Alfathi
- Owner: Nortura
- Country: Norway
- Related brands: Gilde
- Markets: Norway
- Previous owners: 2001 - Gilde Norsk Kjøtt 2006 - Nortura
- Website: http://www.alfathi.no/

= Alfathi =

Brand name used on halal meat

Alfathi (lit. New Possibilities) is a brand name used by Nortura on its halal meat distributed in Norway. The meat is approved by the Islamic Council Norway. There has traditionally been a disharmony between the Norwegian food traditions and availability of halal meat, the latter often only being provided for Middle Eastern cuisine. Alfathi was created by Gilde Norsk Kjøtt in 2001 to produce typical Norwegian foods which could meet the strict slaughter restrictions within Islam. Among the products available are pizza, hamburger, meat slices and wieners.

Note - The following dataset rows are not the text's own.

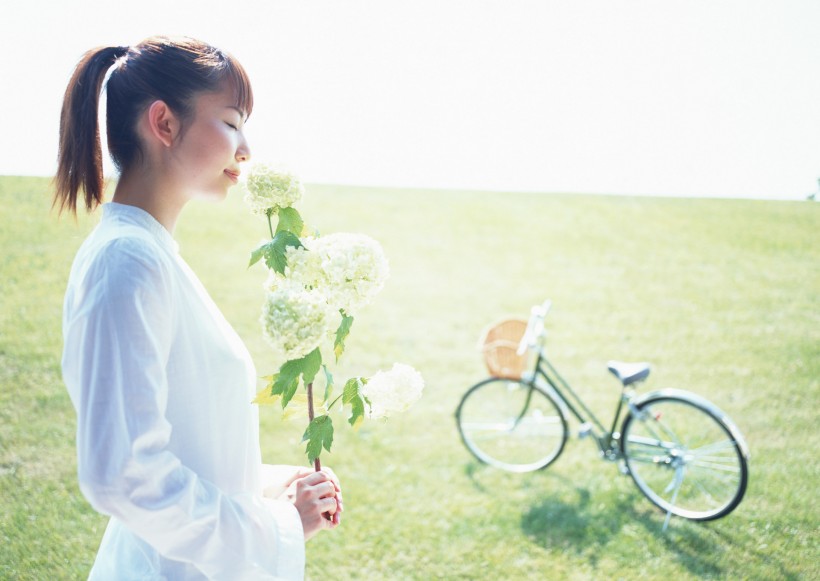 女孩騎車的活力圖片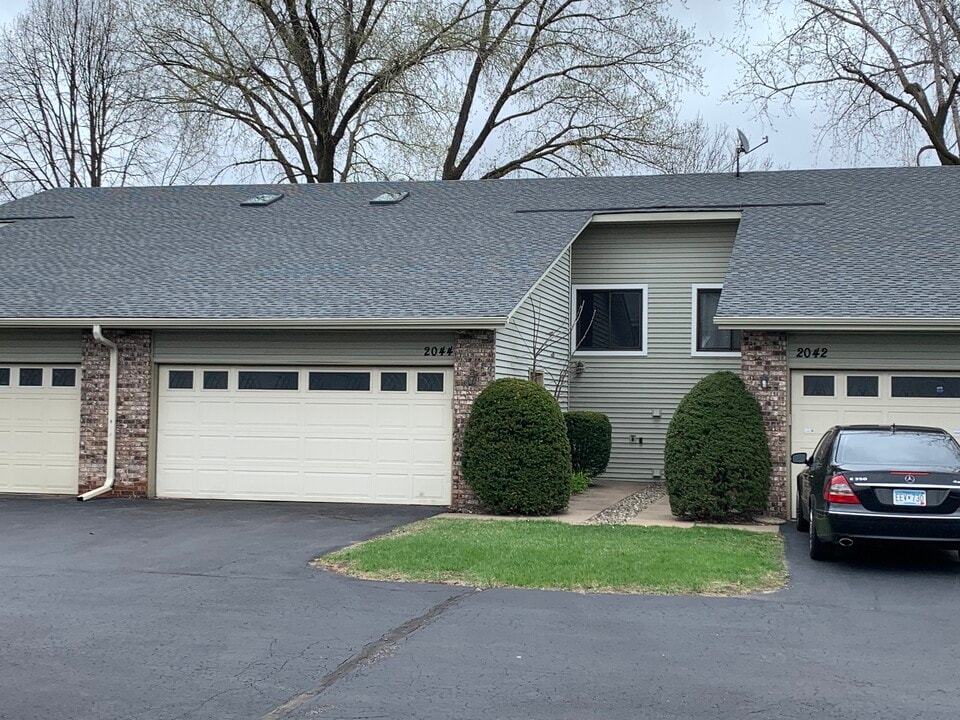 2044 Bradley St in Maplewood, MN - Building Photo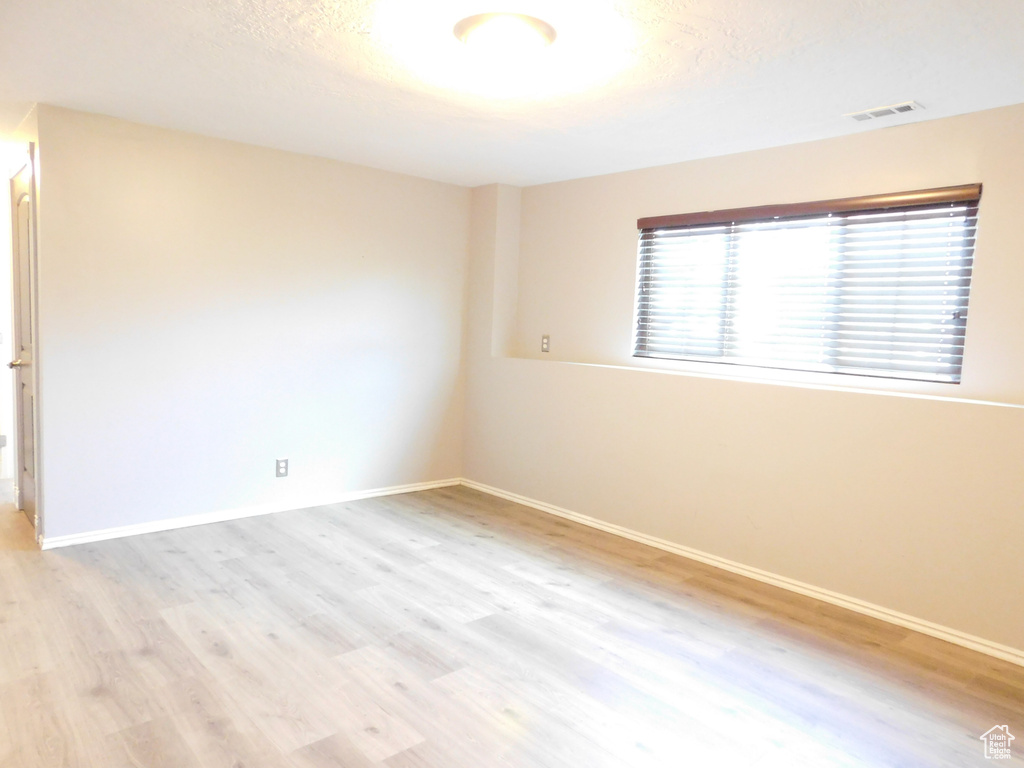 9467 S 250 E Sandy, UT 84070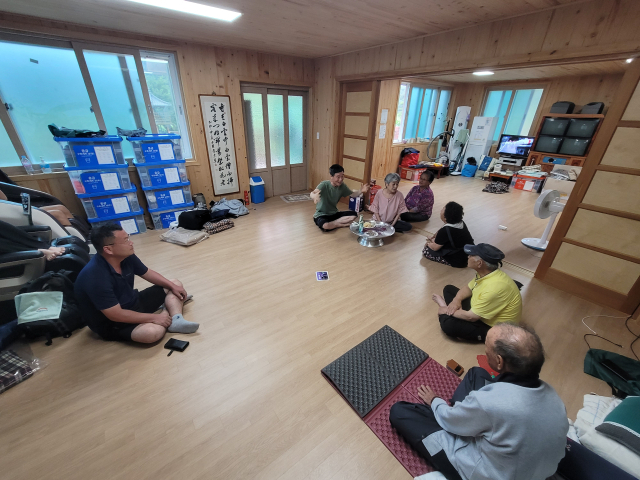 17일 오후 4시 30분쯤 찾은 경북 봉화군 봉성면 우곡2리 마을회관. 주민 20여 명은 전기가 끊긴 집 대신 이곳에서 생활을 이어오고 있다. 박성현 기자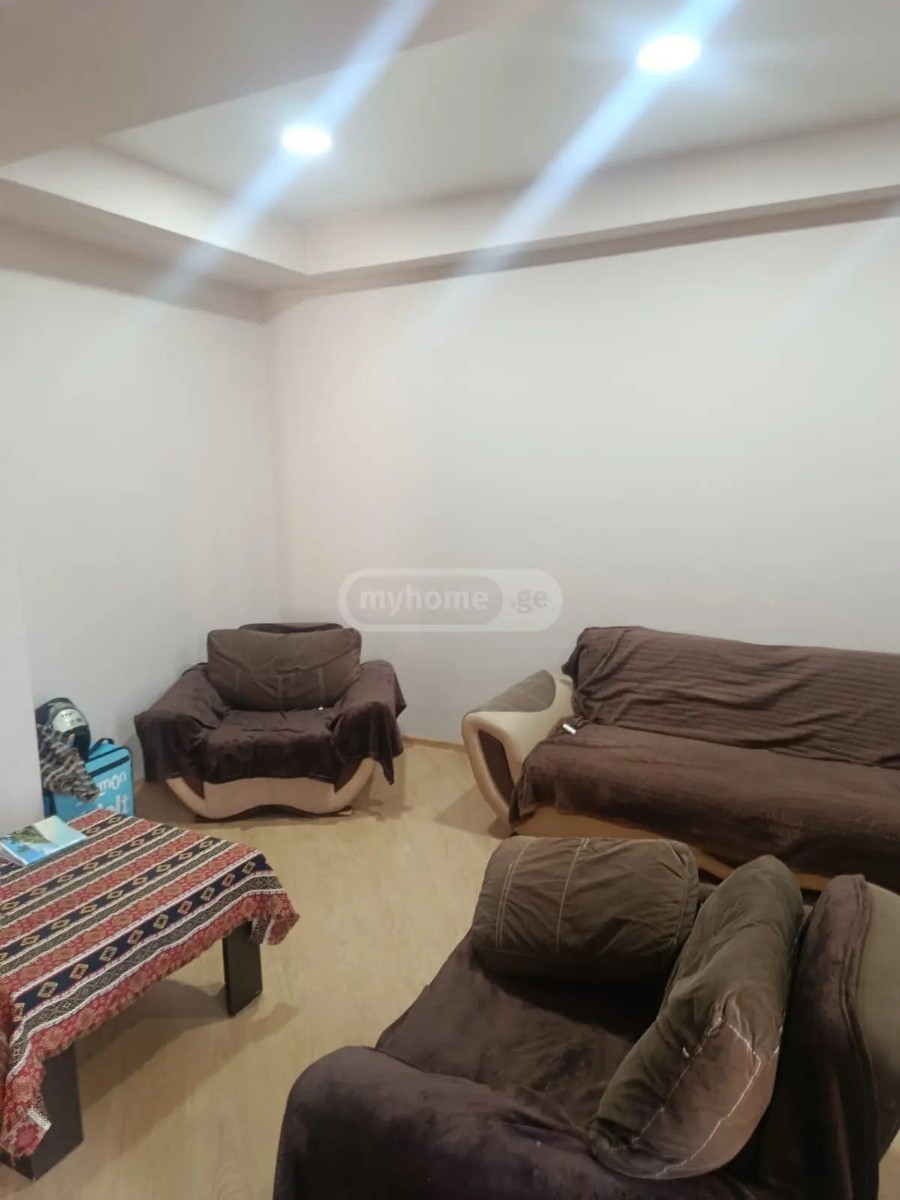 ვეფხისტყაოსნის ქ. 90 - 3 rooms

Products are of course not made from prohibited species, such as pigs and carnivores.

The halal slaughter procedure used by Nortura meets all requirements both set by the Qur'an and the Norwegian Food Safety Authority. This includes such requirements as that the slaughterer must be a Muslim, that the animal's head must face the Qibla, and the animal is blessed at the time of slaughter. Norwegian law requires that the animal is stunned before slaughter. This does not break halal rules, but is not the traditional method used by Muslims. The time between the stunning of the animal and the slaughter is about 20 seconds. The killing of the animal is done by cutting the two main arteries in the neck and immediately draining the animal of blood. After slaughter, the halal meat has a separate value chain until distribution.

==Controversy==
In July 2007 a number of Islamic groups encouraged a boycott of the chicken halal brands in Norway, since about 10% of chickens died after stunning but without being bled. The halal rules state that the animal must be alive when its throat is cut to be slaughtered properly, so animals that died when stunned are not halal.